The Barr Smith Library is a memorial to Robert Barr Smith, who from 1892 bequeathed large sums of money to purchase books for the university library. After his death in 1915, the family made the maintenance of the library its concern.
Following his father, Thomas Elder Barr Smith became a member of the council in 1924 and offered £20,000 for a new library to relieve the congested state of the one in the Mitchell Building. He increased his gift to cover the expected building cost of £34,000.
Walter Bagot chose a classic style for the proposed library. The pamphlet describing the official opening of the Barr Smith Library stated: “The tradition that the mediaeval styles are appropriate to educational buildings dies hard; but it is dying. Climate is the dominant factor, and a mediterranean climate such as this should predispose us to a mediterranean, that is to say, a classic form of architecture.”

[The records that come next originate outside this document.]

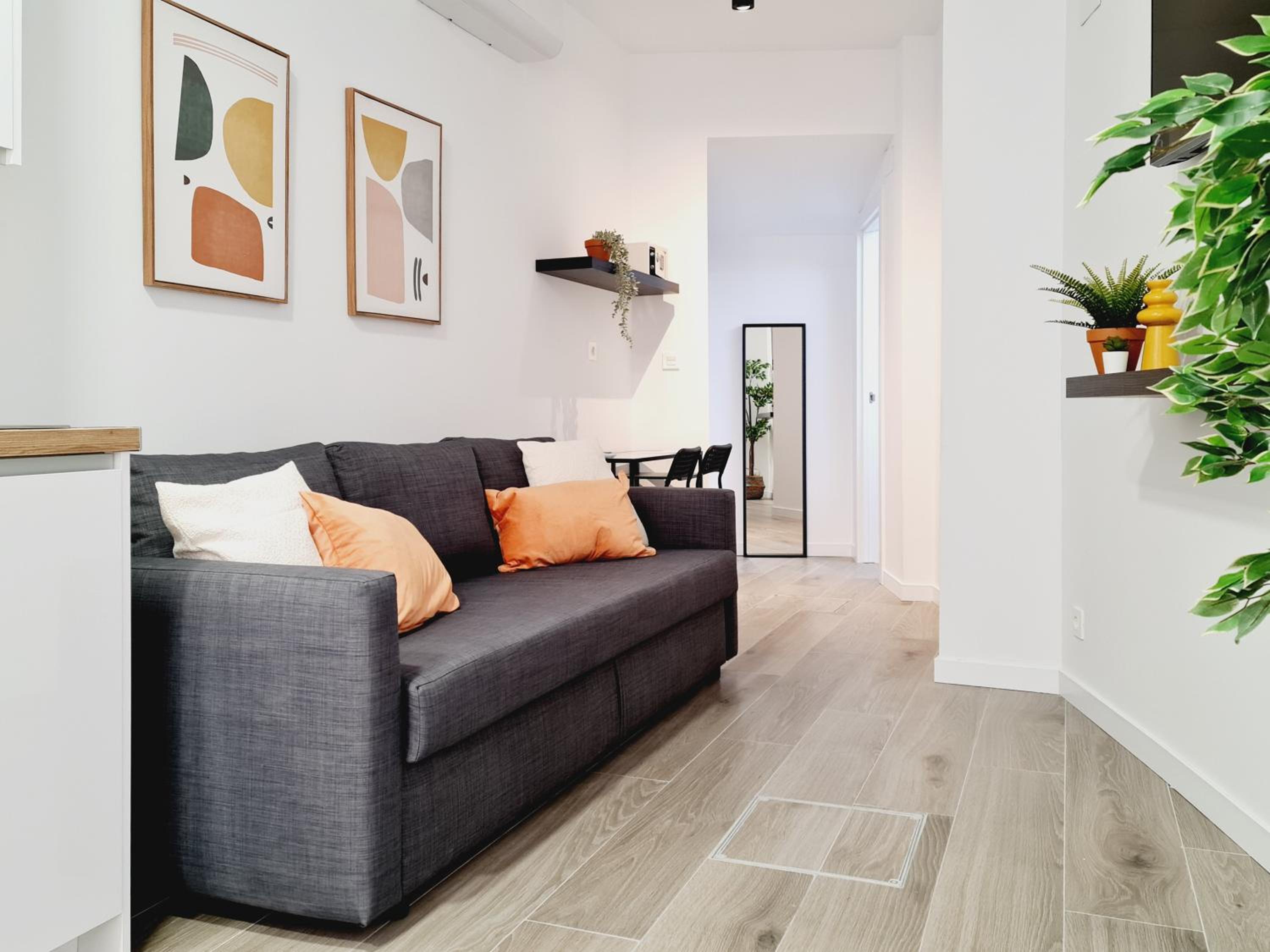 One-Bedroom Apartment - Photo 21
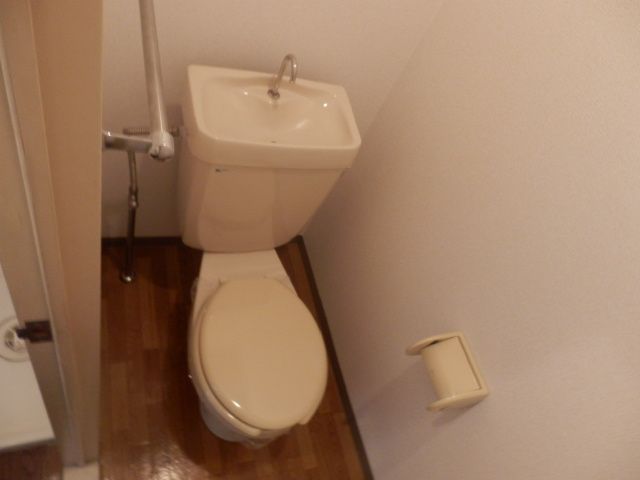 グリーンヒルズのトイレ写真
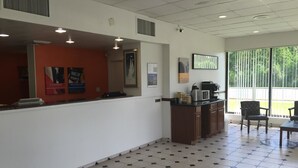 Unclassified image, 2 of 46, button - Motel 6 Yemassee, SC (Yemassee)
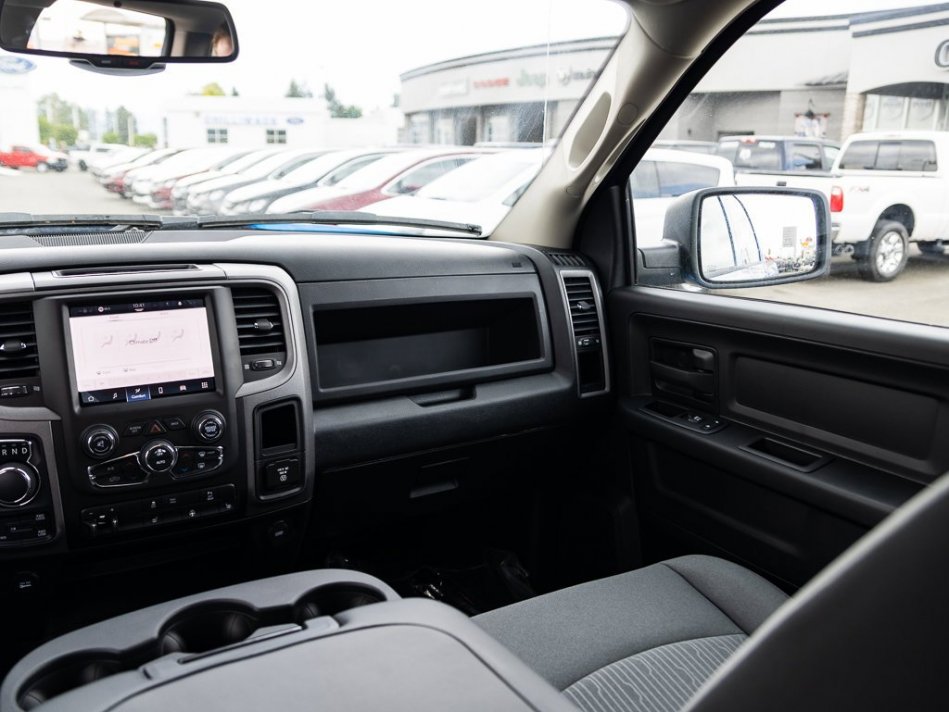 RAM 1500 Classic Night Edition 3C6RR7KT6NG284757 105769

The design was influenced by those of Sir Christopher Wren for Kensington Palace and an addition at Hampton Court. Bagot brought his ideas back from England for adaptation to the local environment. The exterior was built in brick by H.S.C. Jarvis, and the Murray Bridge freestone portico was constructed by SA Monumental Works Ltd.
The decoration of the reading room was designed for restful effect. The “oak” furniture and parquetry were the deepest notes of a scheme that lightened gradually towards the ceiling. This was finished in tones of antique ivory and gold with a contrasting tint of soft green, itself an echo of the colour of the terrazzo frieze: “The detail of the acanthus and other plastic ornament with which the coffered panels of the ceiling are enriched has been heightened by a dark overglaze applied over a light ground, and then wiped off the highlights.”
Bagot intended that the facade with its portico facing Frome Road would head the main entrance into the university. The poplar trees in an avenue are a reminder of those plans.
The Barr Smith Library was officially opened by the governor Sir Alexander Hore-Ruthven VC on March 4,1932.
Despite many additions to the complex since then, the main reading room is unchanged and its appearance is as calm and beautiful as ever, the decor, fixtures and fittings of the 1930s contrasting markedly with the severe utilitarian interiors of the more modern sections of the library.